[Provided entries Boundary: Start]
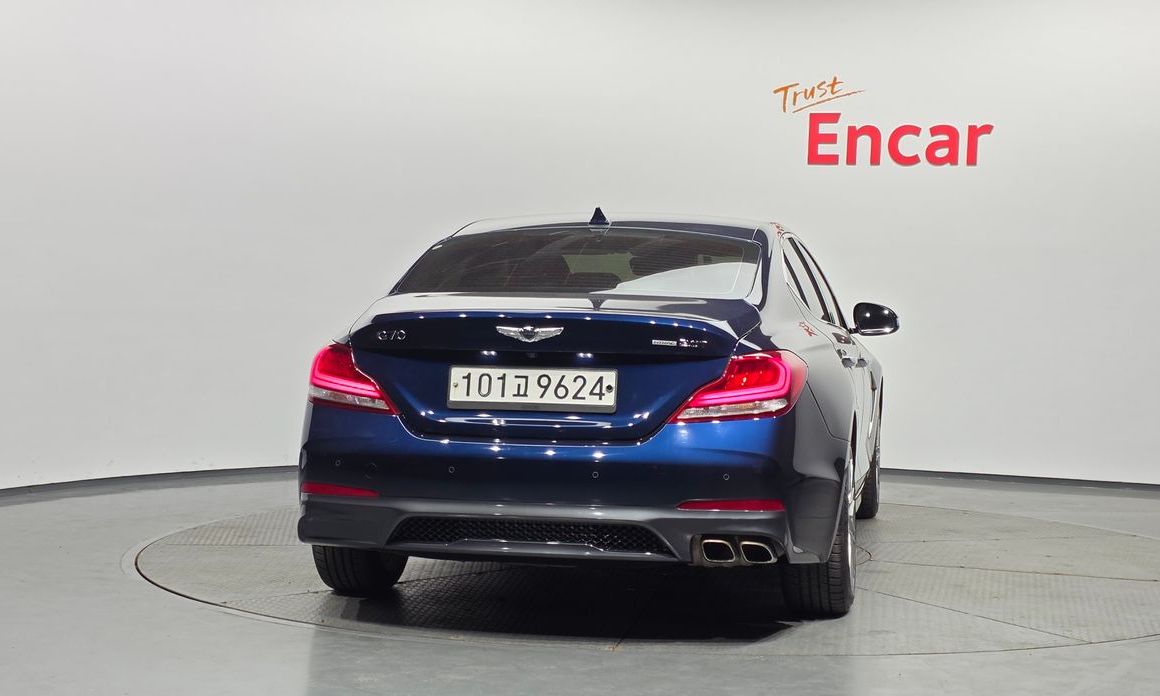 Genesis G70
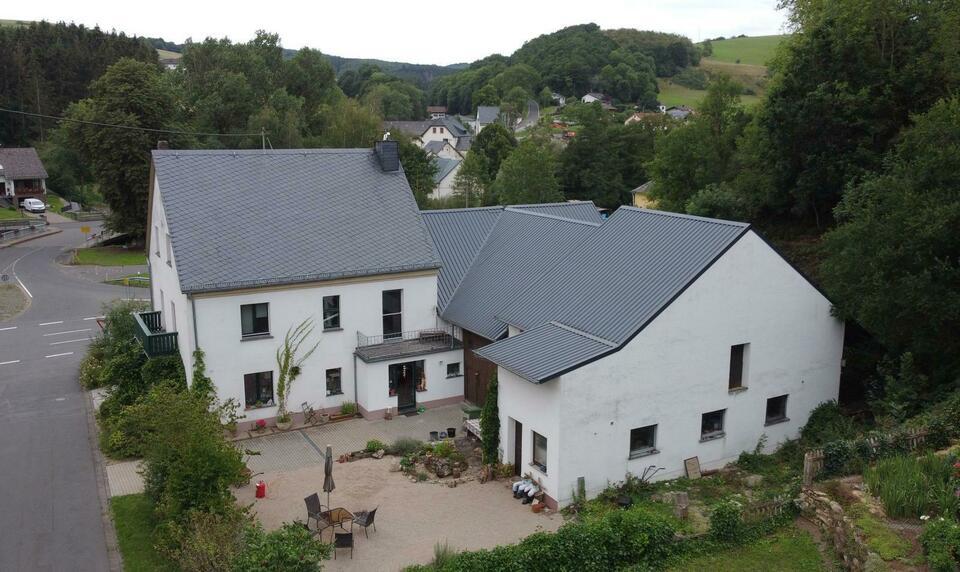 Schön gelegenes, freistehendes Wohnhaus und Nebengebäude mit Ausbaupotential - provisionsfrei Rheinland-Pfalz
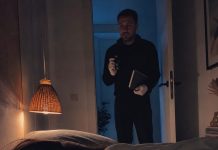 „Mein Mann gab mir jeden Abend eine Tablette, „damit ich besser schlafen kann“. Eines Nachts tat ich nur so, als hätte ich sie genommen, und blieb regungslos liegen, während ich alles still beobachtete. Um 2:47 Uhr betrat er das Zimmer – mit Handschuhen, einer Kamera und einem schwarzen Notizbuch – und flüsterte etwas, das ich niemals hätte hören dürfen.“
[Provided entries Boundary: End]
[Provided entries Boundary: Start]
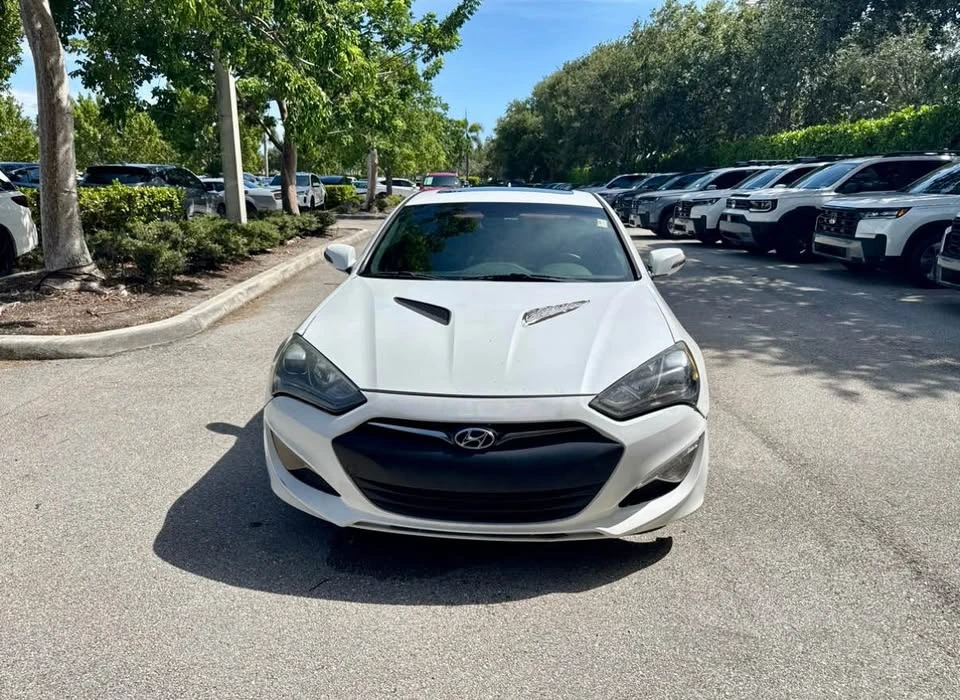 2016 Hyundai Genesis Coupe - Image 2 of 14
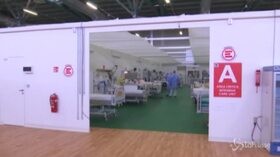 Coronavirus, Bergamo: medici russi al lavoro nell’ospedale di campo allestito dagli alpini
[Provided entries Boundary: End]
[Provided entries Boundary: Start]
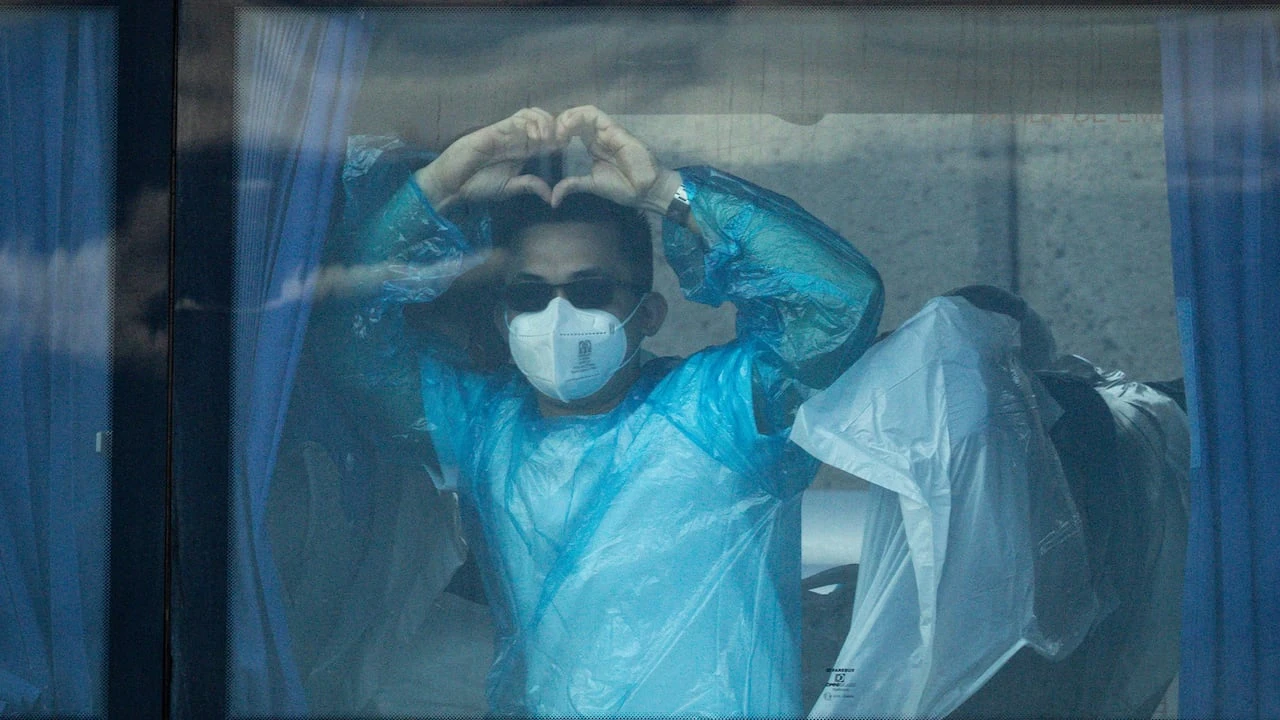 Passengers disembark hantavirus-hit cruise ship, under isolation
[Provided entries Boundary: End]
### Task requirements
From the material above, give again exactly the lines from the one that contains "Genesis G70" through the one that contains "Mann gab mir", and leave out the pictures.

### Solution to this exercise
 Genesis G70
 Schön gelegenes, freistehendes Wohnhaus und Nebengebäude mit Ausbaupotential - provisionsfrei Rheinland-Pfalz
 „Mein Mann gab mir jeden Abend eine Tablette, „damit ich besser schlafen kann“. Eines Nachts tat ich nur so, als hätte ich sie genommen, und blieb regungslos liegen, während ich alles still beobachtete. Um 2:47 Uhr betrat er das Zimmer – mit Handschuhen, einer Kamera und einem schwarzen Notizbuch – und flüsterte etwas, das ich niemals hätte hören dürfen.“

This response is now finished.